[[ Working data open ]]
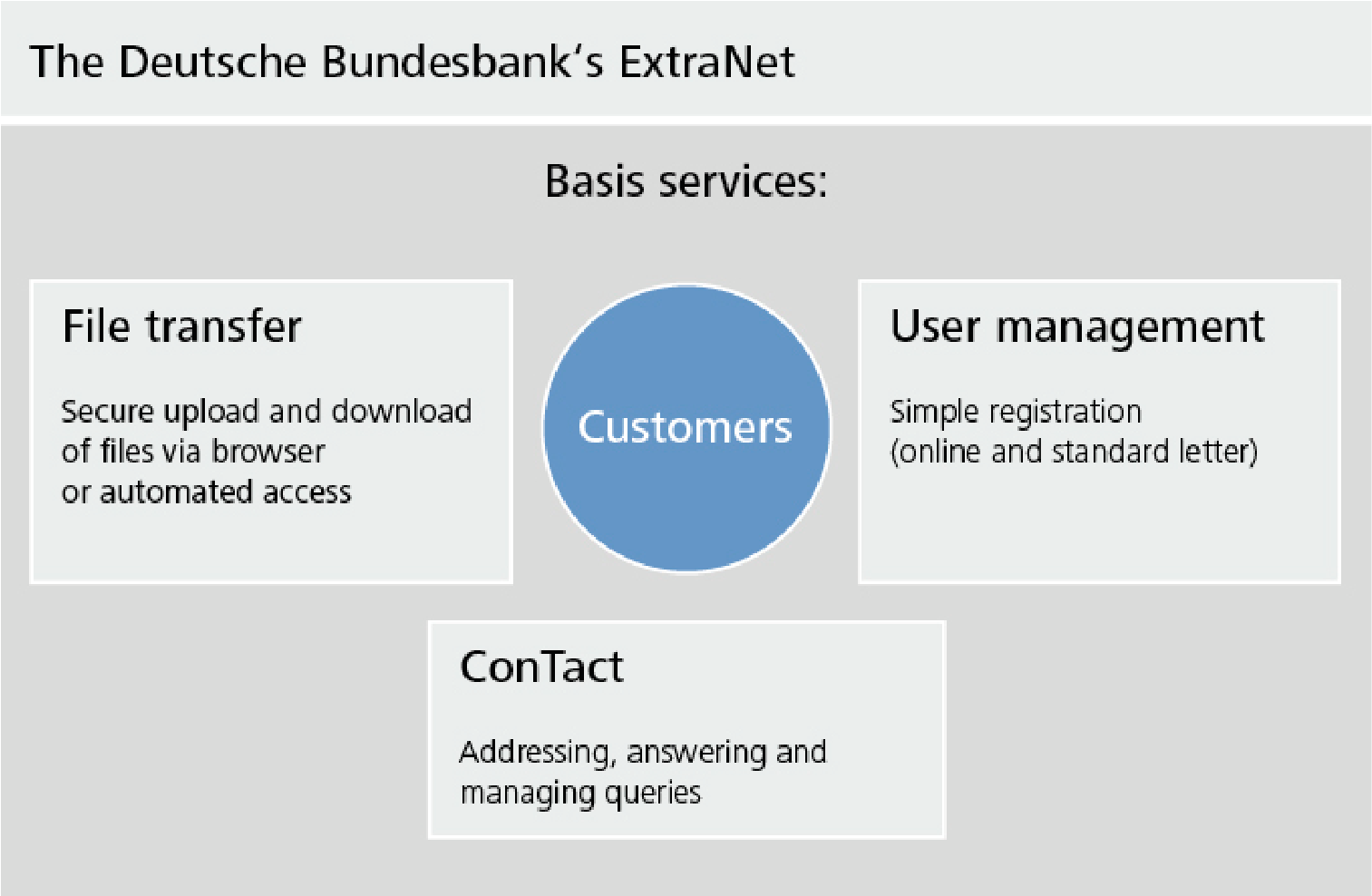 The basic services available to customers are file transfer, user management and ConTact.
[[ Working data closed ]]
[[ Working data open ]]
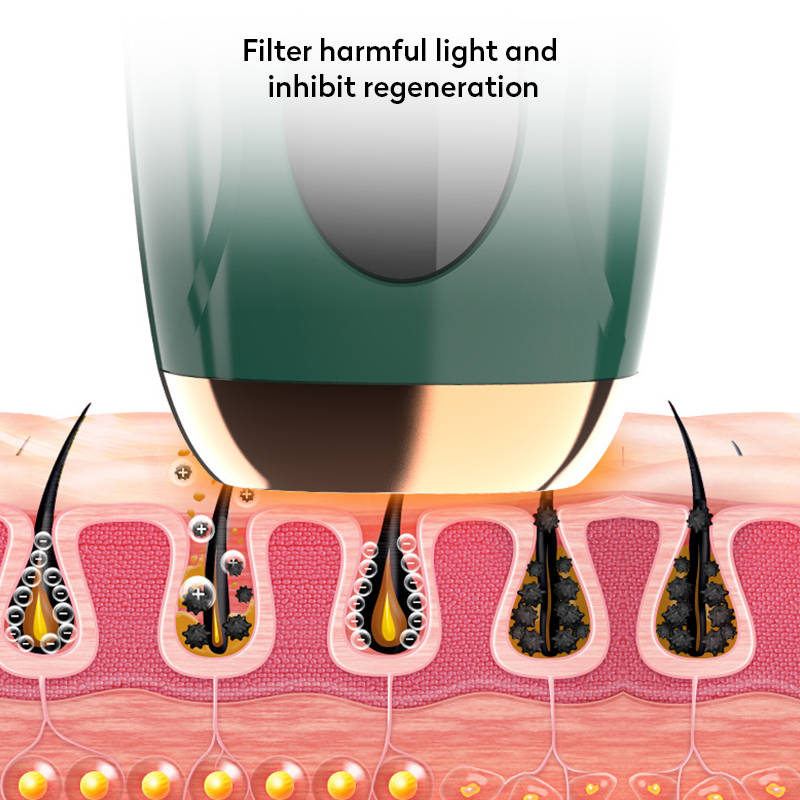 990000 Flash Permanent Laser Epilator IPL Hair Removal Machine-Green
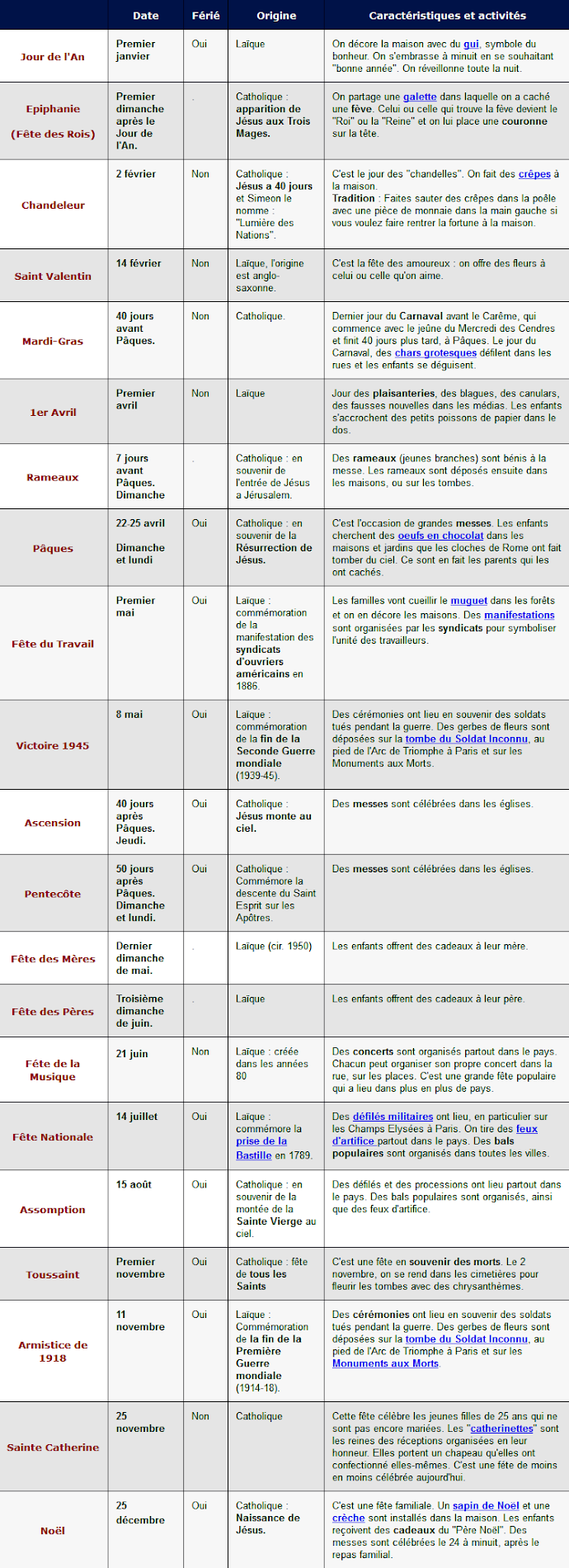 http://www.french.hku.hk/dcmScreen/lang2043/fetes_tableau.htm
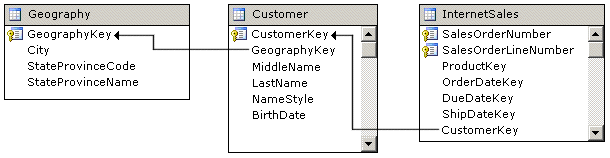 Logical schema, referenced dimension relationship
[[ Working data closed ]]
[[ Working data open ]]
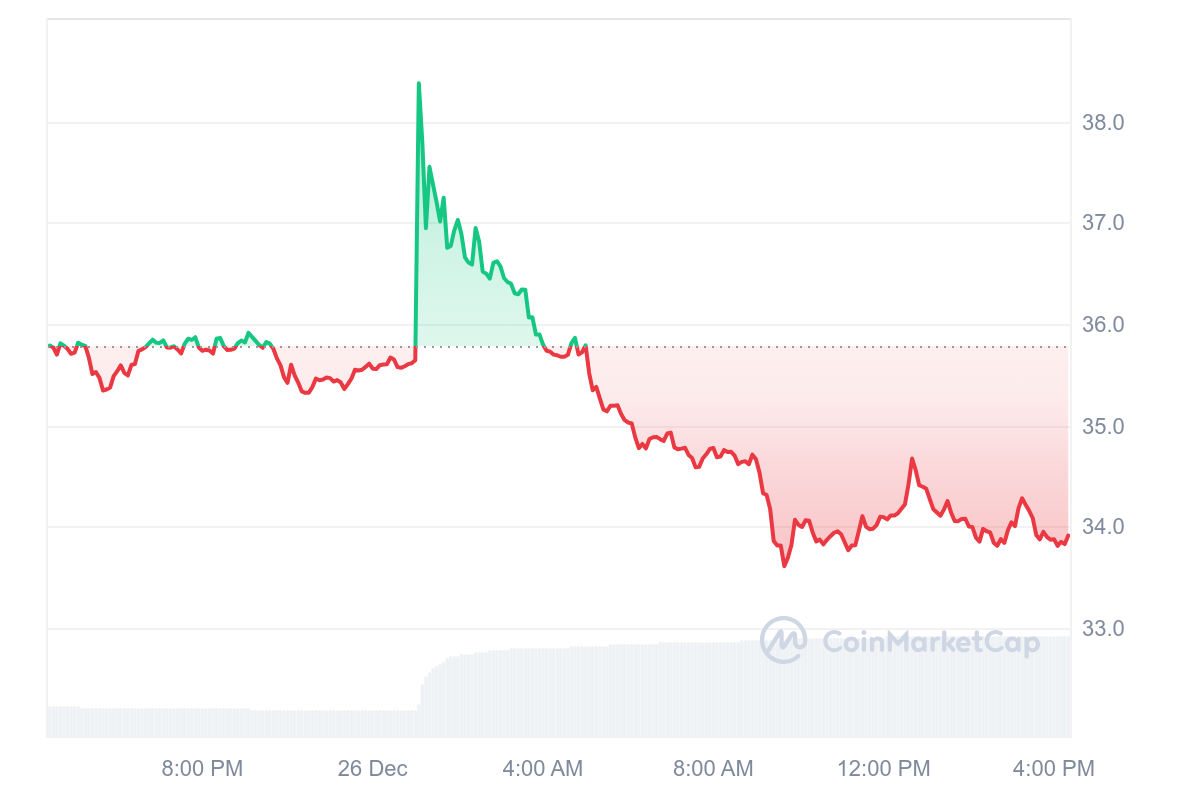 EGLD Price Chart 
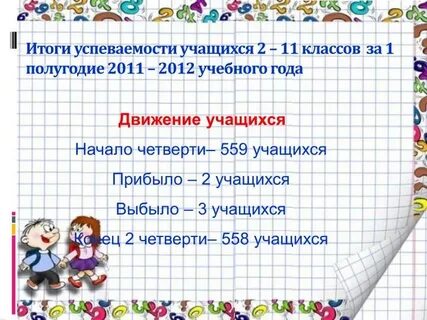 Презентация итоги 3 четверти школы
[[ Working data closed ]]
■ Task to complete
Output exactly the lines above, beginning at the one with "EGLD Price Chart" and stopping after the one with "Презентация итоги 3 четверти школы". Pictures are to be omitted.

■ Response area
 EGLD Price Chart 
 Презентация итоги 3 четверти школы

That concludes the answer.